Recently I have been working through some thorny data and encoding issues whilst integrating via BizTalk. PowerShell really is the new Swiss Army Knife that Perl always was in my long past days of Korn shell on AIX UNIX. As an example I have had to strip out a particular field from a c. 1GB XML file and get a unique count. Typically on a 32bit system, 1GB won't load into a DOM to just do XmlDocument.SelectNodes("...").Count. So I wrote a few lines of C# in a ConsoleApplication that used a XmlTextReader to just Console.WriteLine the element value every time it encountered a particular element. I can reuse this code over and over. So here is a bit of PowerShell to manipulate the output:
get-content C:\temp\mylist.txt | sort -caseSensitive | where {$_.Length -gt 0} | get-unique
This gives me a unique list whilst skipping empty lines.
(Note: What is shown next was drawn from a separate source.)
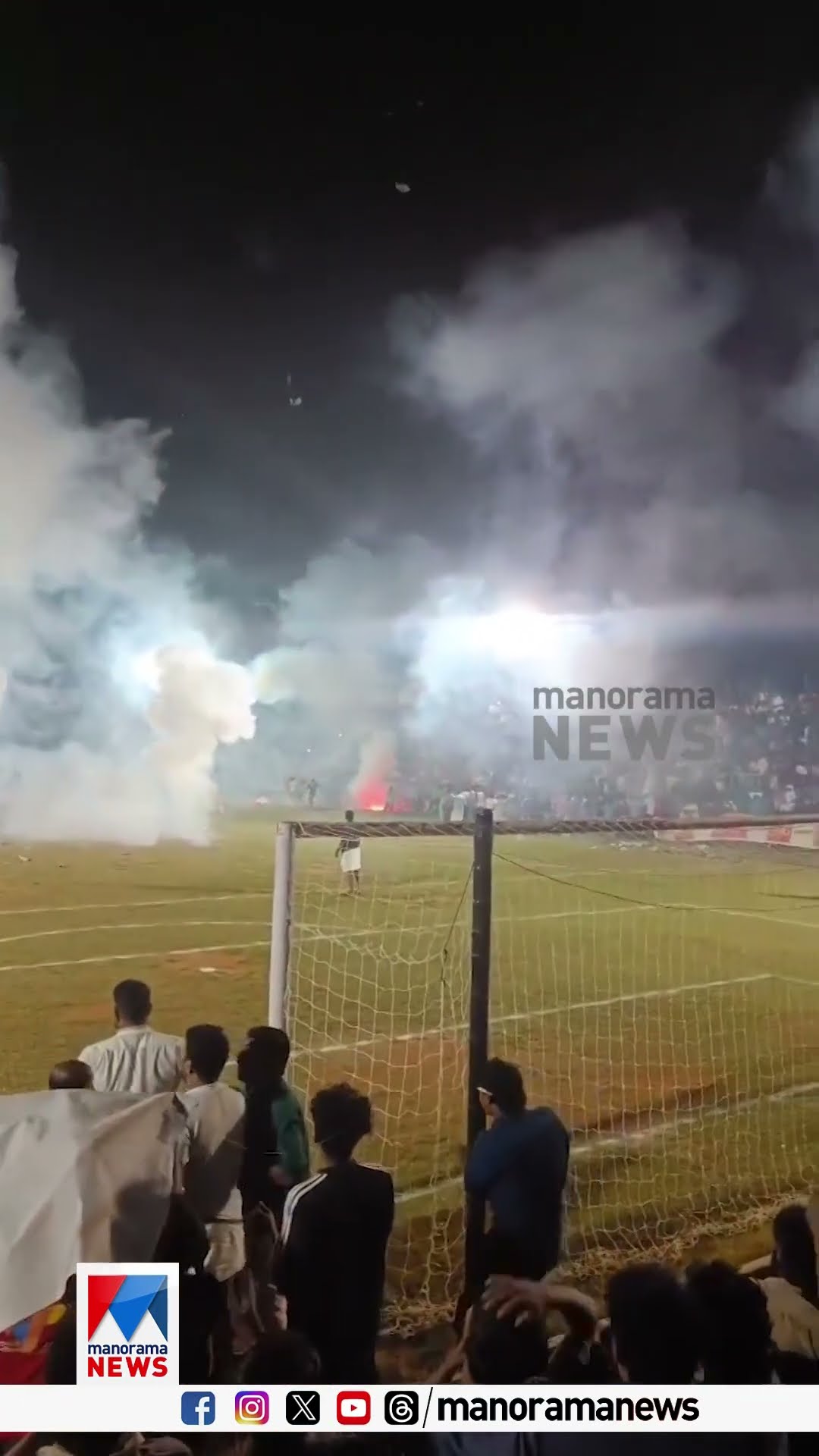 മലപ്പുറത്ത് കരിമരുന്ന് പ്രയോഗത്തിനിടെ പടക്കം പൊട്ടിത്തെറിച്ചു; ഓടി രക്ഷപ്പെട്ട് ജനങ്ങള്‍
I could go further just in case there is some whitespace crawling in:
get-content C:\temp\mylist.txt | %{$_.Trim()} | where {$_.Length -gt 0} | sort -caseSensitive | get-unique
Maybe I want that counted:
get-content C:\temp\mylist.txt | %{$_.Trim()} | where {$_.Length -gt 0} | sort -caseSensitive | get-unique| measure-object
Another issue we faced was that we receiving files using different encodings. What tool should I use to check to view the Hex and see what the bytes in the stream really say and check the difference? PowerShell:
3> gc C:\temp\FileOne.xml -encoding byte -totalcount 1000 | format-hex
Address: 0 1 2 3 4 5 6 7 8 9 A B C D E F 10 11 12 13 14 15 16 17 ASCII
-------- ----------------------------------------------------------------------- ------------------------
00000000 EF BB BF 3C 44 69 73 70 6C 61 79 4E 61 6D 65 20 56 61 6C 75 65 3D 22 43 ...<DisplayName Value="C
00000018 65 73 C3 A1 72 69 61 20 C3 89 76 6F 72 61 22 20 6C 61 6E 67 75 61 67 65 es..ria ..vora" language
00000030 3D 22 65 6E 2D 47 42 22 20 2F 3E ="en-GB" />
Here I can see that the UTF-8 Byte Order Mark is present and what bytes are being used to represent the accented characters in the above XML.
To someone who started out as a UNIX sysadmin / Oracle DBA you have no idea what it is like to have a proper shell again!